前回のインタビューでは、主に墨出しのリアルや自殺未遂の経験を語ってもらったが、後編では専門学校に入学して映像制作の職を目指し、挫折するまでの過程を詳しく聞いていく。
学歴コンプレックスから専門学校に
3度の自殺未遂を経験し、死ぬことを諦めたという山口さん。しかし、恋人と別れ、仕事にも絶望していた彼を待っていたのは、ただ仕事に行って帰ってくるだけの生活だったという。
「大好きな飲み会をしていても、何か満たされないものを感じていました。仲間たちが好きな会社に就職したり、家庭を持ったりしているのを見て、オレはこのままでいいのかな……と。そんな時、もともと学歴コンプレックスを抱えていたこともあって、なにかを学んで、視野を広げてみようと思ったんです。
貯金はいくらかあったので、まずは夜間制の大学に通おうと考えました。ただ、兄も同じく夜間に通っていたので、一緒は嫌だなと。そこで、自分は専門学校に入ってみることにしました」
専門学校に入るからには、なにかの分野を専攻しなければならない。山口さんはパソコンに触れることが好きだったので、ITスキルを学びたいと思った。
専門学校で楽しみを見つけた
結局、専門学校ではCGグラフィックの勉強をしたという山口さん。専攻を決めた理由は「ぶっちゃけ入学資料のパンフレットで一番女の子が多そうに見えたからです(笑)」という軽い気持ちだったが、専門学校後、学習には意欲的に取り組んだという。

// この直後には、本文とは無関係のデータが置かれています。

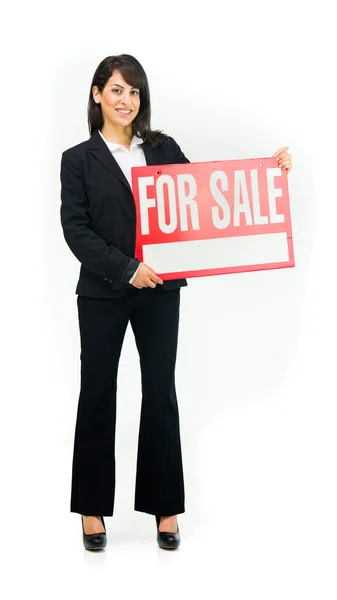 Schöne Geschäftsfrau mit Banner zum Verkauf — Stockfoto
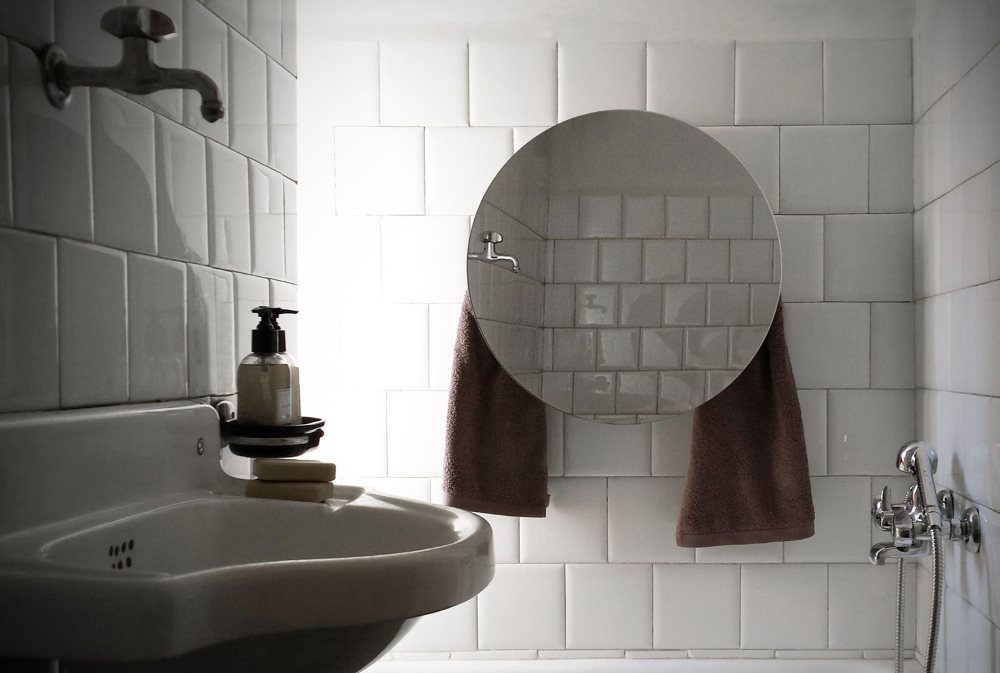 Полотенцесушитель с зеркалом на стене ванной комнаты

「たいした思い入れはありませんでしたが、学費は1年間で約40万円。もちろんすべて自腹で支払いました。やるからには真剣にやろうと思い、古くなっていたPCを新調して真剣に勉強を始めました。
学校は月・水・金曜の週3日授業で、社会人学生も多いため19~21時の開講。私はその前に墨出しの仕事をし、学校のある新宿まで1時間程度かけて通学していました。それでも、毎回30分早い18時半には教室に入り、授業前に自学自習しましたね」
中学生の頃は札付きの不良だったという山口さん。勉強を真面目にやったことは全くなかったそうだが、真剣に学ぶうちにCGグラフィックの楽しさに気づくことになる。